Health Benefits of Edamame

Edamame is a word used to describe immature green soybeans. Although edamame has been used in Asian cuisine for a long time, it has recently made headway in Western culture as a popular snack. 

Edamame is generally sold still in the pods, but unlike peapods, edamame pods aren’t meant to be eaten. Instead, the edamame is meant to be boiled in the pods and then the soybeans should be removed and eaten on their own. 

In the US, you’ll often find edamame in the frozen food section. Some stores, especially whole food stores and health food stores, may also sell edamame in snack aisles. 

Health Benefits

One of the reasons edamame has become such a popular snack in recent years is that, in addition to its delicious taste, it offers a number of promising health benefits.

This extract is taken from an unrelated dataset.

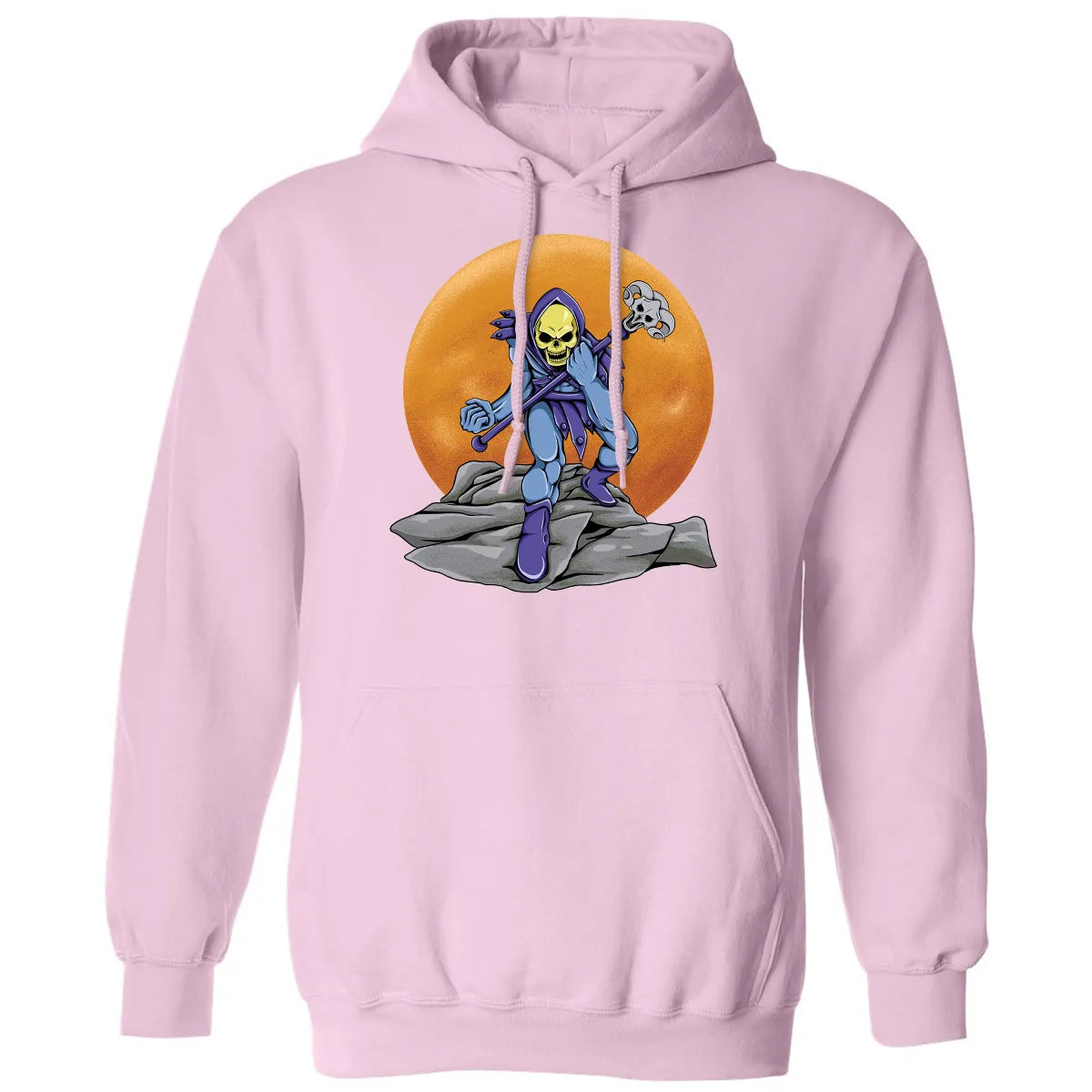 Classic Unisex Hoodie - 5MH2YFN1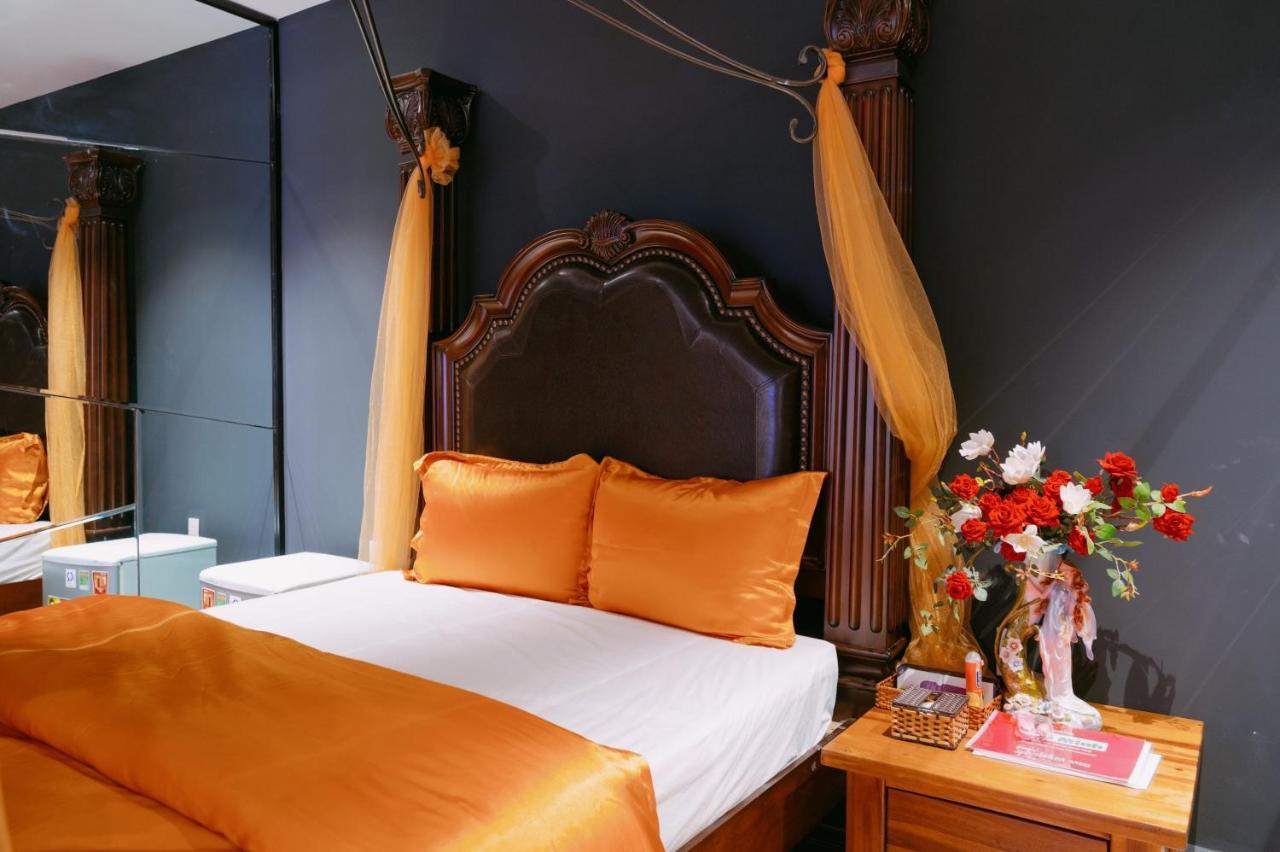 Khach San Nha Minh Hotel Cai Rang Kültér fotó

It’s low on the glycemic index, making it a good snack option for people with type II diabetes, and also offers the following major health benefits. 

Reduce Risk of Breast Cancer

Studies show that eating a diet rich in soy reduces the risk of breast cancer. These benefits are especially true for people who eat soy throughout their lifetime and those who eat one to two servings of whole soy foods each day. 

Reduce Bad Cholesterol

High levels of LDL cholesterol, aka “bad cholesterol,” is associated with an increased risk of heart disease, stroke, and type 2 diabetes. Edamame, however, could help reduce your LDL cholesterol. Edamame is a good source of soy protein. An analysis of 38 clinical trials showed that eating soy protein rather than animal protein significantly decreased LDL cholesterol levels in humans. 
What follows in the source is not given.